Those killed were identified as the driver of the Ford F-250, 17-year-old Timothy Bowman of Osgood, and his passenger, 18-year-old Jacob Vogel of Versailles. A passenger in the other pickup, 18-year-old Samantha Hanson of Holton, also was killed.
Investigators don't know why the teenagers left the event early. The conditions of the four other students weren't immediately released.
Moorhead said officials at the high school, which has about 370 students, called students into the gym to tell them about the crash. Teachers also were briefed.
"It's completely devastating to the people at the school," Moorhead said.

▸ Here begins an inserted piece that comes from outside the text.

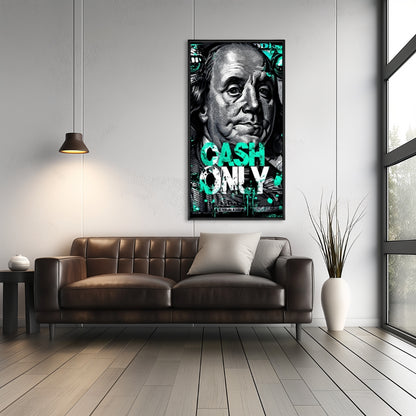 Cash Only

The fatal crash was the latest in handful of recent tragedies in Versailles, a town of only about of 2,000 people. In the last year and a half, an 18-year-old girl died after crashing her car while texting, a 15-year-old girl was killed while riding an all-terrain vehicle, and a popular teacher died in a plane crash. A 71-year-old man who was injured when a tornado hit the area last year recently died from injuries he sustained in the storm.
"These are all very, very tight communities and everyone knows everyone," Katherine Taul, director of the Ripley County Tourism Bureau, said before the news conference. "So even if you weren't directly connected or related to them, it still touches everybody."
"Our community's been hit by so many sad things lately," Taul added.